Back in the ring and on opposite ladders, Edge goes for a spear, but Hardy catches him mid-air and they crash to the mat in a cutter that Todd and Jim will be generous and call a Twist of Fate.

The finish is really cool. With Edge going up the ladder, Hardy manages to pull him through an opening by his feet, trapping Edge at the chest. Nothing Edge can do but watch Jeff climb up the other side and take the belt.

“THE HARDY PARTY HAS STARTED AGAIN!” Jim Ross screams, but it doesn’t go long. After the match CM Punk comes down and successfully cashes in Money in the Bank, so Jeff’s title reign lasts a couple minutes. Yet again the egomaniac CM Punk holding someone back.

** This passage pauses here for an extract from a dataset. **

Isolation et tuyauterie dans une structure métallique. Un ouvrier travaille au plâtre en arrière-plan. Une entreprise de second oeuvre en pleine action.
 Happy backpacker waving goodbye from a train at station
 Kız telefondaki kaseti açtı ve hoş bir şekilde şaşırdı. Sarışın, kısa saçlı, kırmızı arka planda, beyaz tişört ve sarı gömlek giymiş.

I mentioned recently re-watching the 2001 Benoit-Jericho ladder match that by that point you’d already seen just about all you were gonna see done in ladder matches. Well, eight years didn’t open up any new possibilities, but I do like this one a bit better than the Benoit-Jericho match, which is quality but something I’ve always found overrated. Comparing the matches (which I know nobody asked me to do), Benoit-Jericho is louder and harder-hitting, but this one is I think more in line with what I generally want to see with a ladder match; it recalls the Shawn-Razor ladder matches more than Benoit-Jericho does, but with the advancement of crazy shit that Hardy and Edge helped bring to the format from 1999-2001, alongside Matt and Christian and the Dudleys, scaled back a bit from the biggest stuff in those matches, at least for the most part.